Instructions for the task: Write out exactly the lines that run from the one containing "Grained Calfskin Medium" to the end of the entries below, with both end lines included.
= = = = =
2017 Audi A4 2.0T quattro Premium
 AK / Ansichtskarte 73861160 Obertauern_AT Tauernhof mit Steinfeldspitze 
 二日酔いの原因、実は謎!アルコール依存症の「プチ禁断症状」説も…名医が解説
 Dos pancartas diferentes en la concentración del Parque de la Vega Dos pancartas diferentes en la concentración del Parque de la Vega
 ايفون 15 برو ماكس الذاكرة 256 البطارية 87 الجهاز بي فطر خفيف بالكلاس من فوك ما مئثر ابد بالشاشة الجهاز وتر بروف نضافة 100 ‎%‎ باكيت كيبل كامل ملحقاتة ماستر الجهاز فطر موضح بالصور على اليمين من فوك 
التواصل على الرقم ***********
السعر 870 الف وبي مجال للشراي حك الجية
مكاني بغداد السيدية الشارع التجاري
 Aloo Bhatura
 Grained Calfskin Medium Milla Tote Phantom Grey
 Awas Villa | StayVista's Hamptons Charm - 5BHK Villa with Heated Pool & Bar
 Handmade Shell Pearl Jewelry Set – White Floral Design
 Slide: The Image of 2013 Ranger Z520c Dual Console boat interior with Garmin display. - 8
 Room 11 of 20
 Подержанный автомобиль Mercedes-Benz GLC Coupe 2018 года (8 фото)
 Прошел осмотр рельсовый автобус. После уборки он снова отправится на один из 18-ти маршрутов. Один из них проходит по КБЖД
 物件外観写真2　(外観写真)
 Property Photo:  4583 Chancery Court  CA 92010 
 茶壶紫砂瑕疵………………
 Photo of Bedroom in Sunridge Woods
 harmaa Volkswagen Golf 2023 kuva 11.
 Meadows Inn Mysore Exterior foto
= = = = =
Result of this exercise:
 Grained Calfskin Medium Milla Tote Phantom Grey
 Awas Villa | StayVista's Hamptons Charm - 5BHK Villa with Heated Pool & Bar
 Handmade Shell Pearl Jewelry Set – White Floral Design
 Slide: The Image of 2013 Ranger Z520c Dual Console boat interior with Garmin display. - 8
 Room 11 of 20
 Подержанный автомобиль Mercedes-Benz GLC Coupe 2018 года (8 фото)
 Прошел осмотр рельсовый автобус. После уборки он снова отправится на один из 18-ти маршрутов. Один из них проходит по КБЖД
 物件外観写真2　(外観写真)
 Property Photo:  4583 Chancery Court  CA 92010 
 茶壶紫砂瑕疵………………
 Photo of Bedroom in Sunridge Woods
 harmaa Volkswagen Golf 2023 kuva 11.
 Meadows Inn Mysore Exterior foto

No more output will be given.